Pollution in Bangkok has been getting worse since early this month. Unsafe PM2.5 levels were on Tuesday detected in 50 of 52 areas in greater Bangkok. Ranging from 55 to 89 micrograms per cubic meter of air (µg/m3), exceeding the government-set “safe” threshold of 50µg/m3.
Private schools also closing due to PM2.5 levels
Saint Dominic – an all boys school located in an area, where dust particles in the air have been very high – announced early on Tuesday that it will be closed from today until Friday.
Amnuay Pittaya, a private school in Huay Kwang district, and the Satit Chula Demonstration School in Pathumwan district will also cancel classes today and tomorrow.
Patt Preechapanich, the parent of a St Dominic student, commended the school for its decision, saying her son has developed a rash and nasal congestion from the pollution and cannot practise football.

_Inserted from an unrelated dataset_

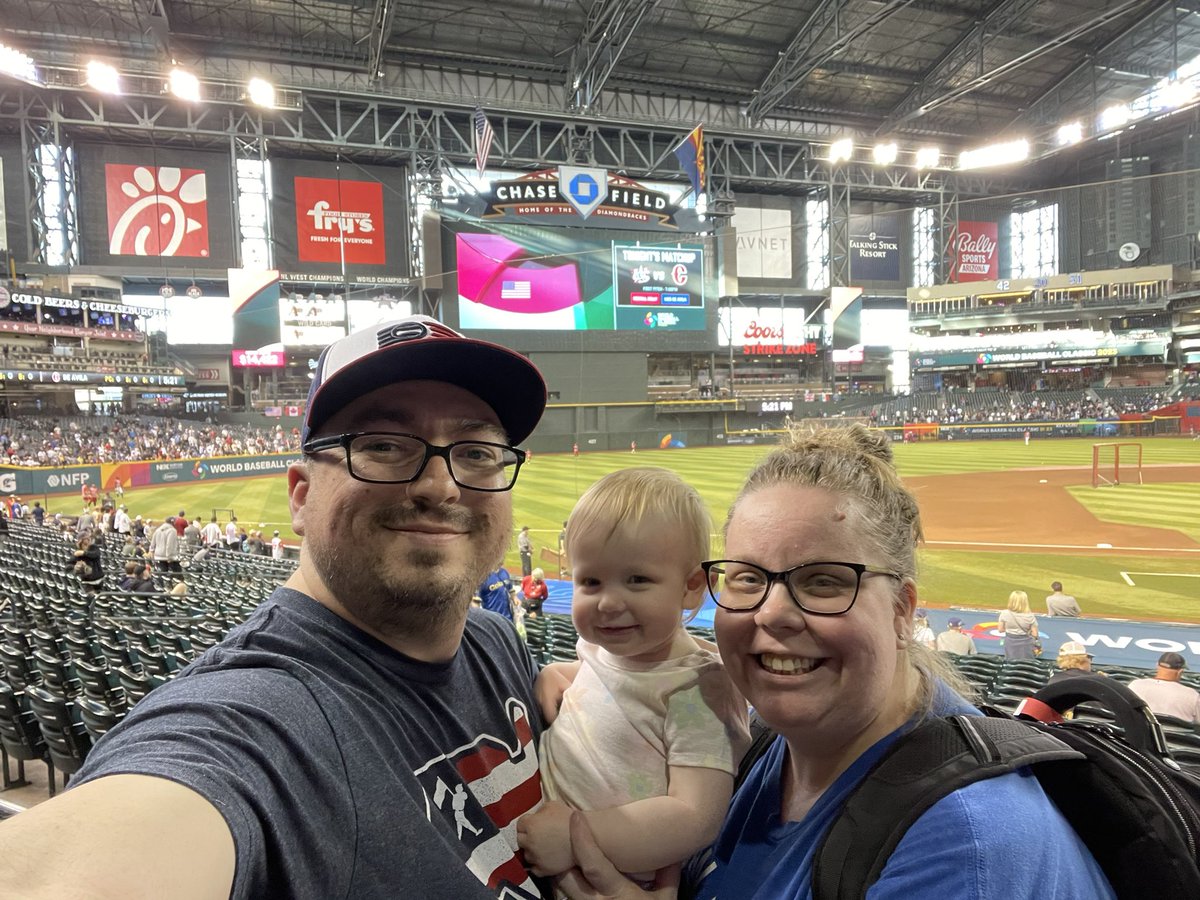 sportsfanmike85's tweet photo. From Chicago to Phoenix for the WBC and Spring Training. My daughter’s first baseball game too!  #worldbaseballclassic  #worldbaseballclassicphx https://t.co/IsLlFHeomc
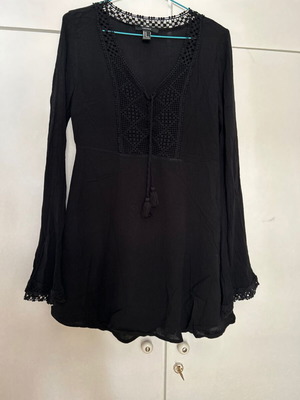 FOREVER 21, Черна рокля, No M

“But school closures will only solve the problem partially. We need to see if the government will take more meaningful measures,” she told the Bangkok Post over the phone.
However, since not all schools in Bangkok are closing, many students will still have to inhale bad air.
Dawee Chaikere, a TV journalist and mother of three, said her two young boys still have to attend school. Furthermore their only protection is for them to wear masks.
“But my boys can’t wear masks for too long and pull them off after a while,” she said.
Face masks for children not a solution
Kanokporn Natee, the mother of an eight-year-old student at Bangkok Christian College, an all-boys school on Sathon Road, said that even though the school is not closing, she is confident the children are well taken care of.
“The school has a system of ensuring that students wear masks at all times and that all activities are held indoors. The school has also been spraying water to keep dust levels down and is planting trees,” she said.
While many students are delighted with the option of staying home, parents are asking if the decision to close schools is good for their children’s education.
Sophavadee Sankosik, the mother of a 13-year-old girl, also asked if closing schools will really solve the problem.
“The question is: what will we do if the pollution is prolonged for another month? Will we close schools every time the PM2.5 levels exceed safe limits?” she asked.
She said the government should impose long-term measures that solve the problems. Imposing short-term measures such as closing schools every time pollution exceeds safe limits isn’t the answer.
She added that she was waiting for the government to take proper action. Such as banning polluting cars.
“Citizens are waiting for direction and they are ready to cooperate. But what we are lacking is leadership, she said. We are waiting for a leader who dares to make tough decisions, which might upset some.